■ Material provided ■
▶
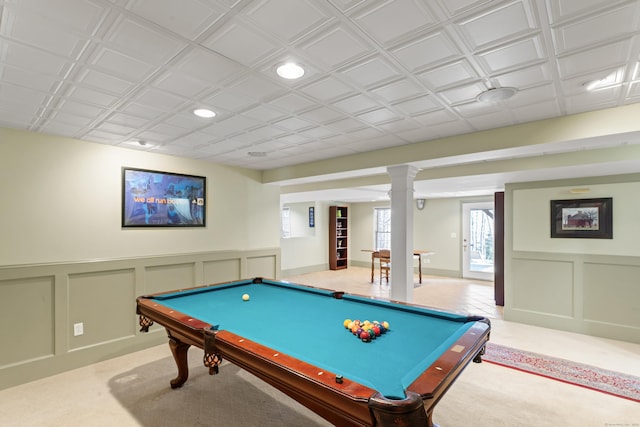 recreation room featuring a decorative wall, pool table, ornate columns, recessed lighting, and light carpet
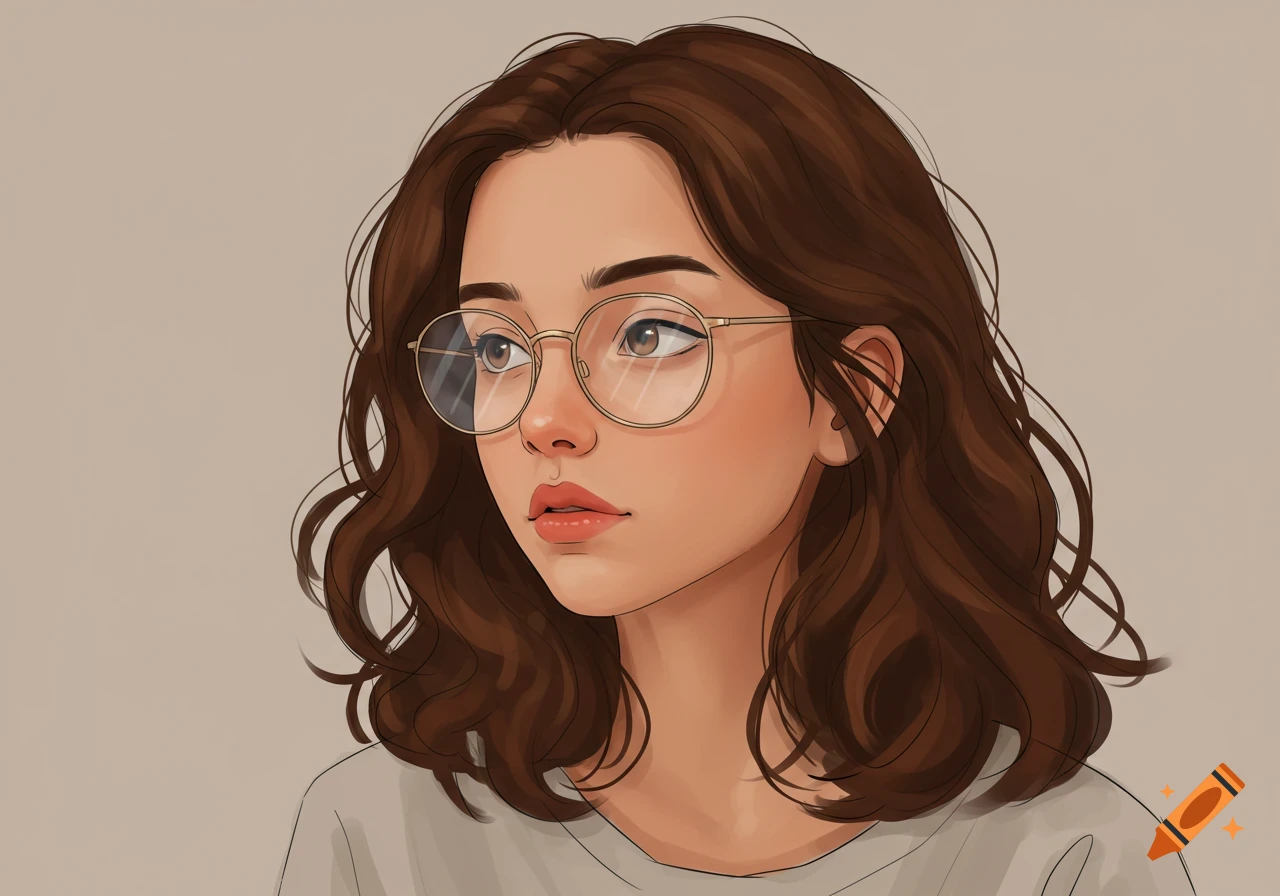 An illustrated portrait of a young woman with wavy brown hair and round glasses, looking to the side.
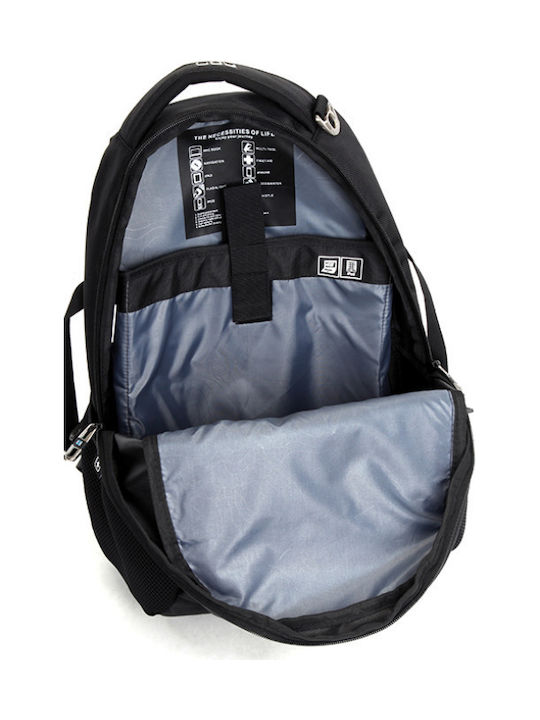 SUISSEWIN AIRFLOW ΑΔΙΑΒΡΟΧΟ ΣΑΚΙΔΙΟ ΠΛΑΤΗΣ 24L ΜΑΥΡΟ ΜΕ ΘΗΚΗ LAPTOP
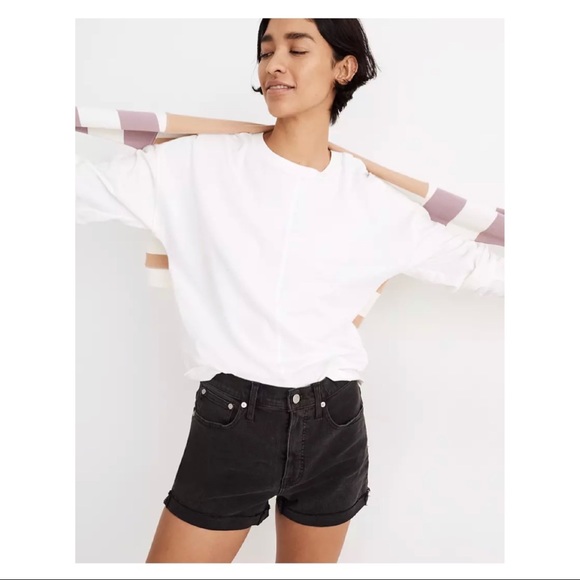 Madewell High Rise Denim Shorts Lunar Black 26 - Picture 2 of 5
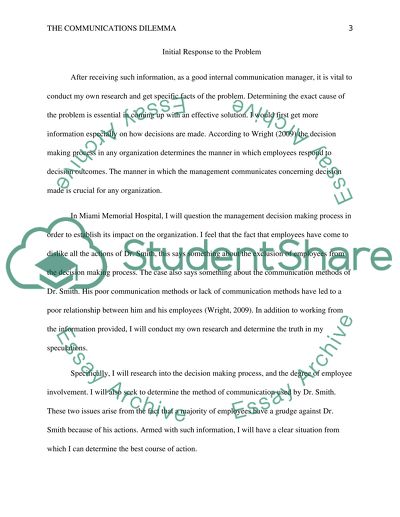 Initial Response to the Problem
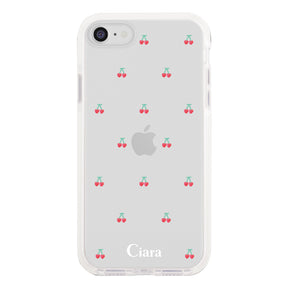 iPhone7/8/SE2/SE3 クッションバンパー 耐衝撃クリアケース タイニーチェリー レッド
◀
■ Your goal ■
Your task is to set down the records shown above exactly, minus any pictures.

■ Task answer ■
 recreation room featuring a decorative wall, pool table, ornate columns, recessed lighting, and light carpet
 An illustrated portrait of a young woman with wavy brown hair and round glasses, looking to the side.
 SUISSEWIN AIRFLOW ΑΔΙΑΒΡΟΧΟ ΣΑΚΙΔΙΟ ΠΛΑΤΗΣ 24L ΜΑΥΡΟ ΜΕ ΘΗΚΗ LAPTOP
 Madewell High Rise Denim Shorts Lunar Black 26 - Picture 2 of 5
 Initial Response to the Problem
 iPhone7/8/SE2/SE3 クッションバンパー 耐衝撃クリアケース タイニーチェリー レッド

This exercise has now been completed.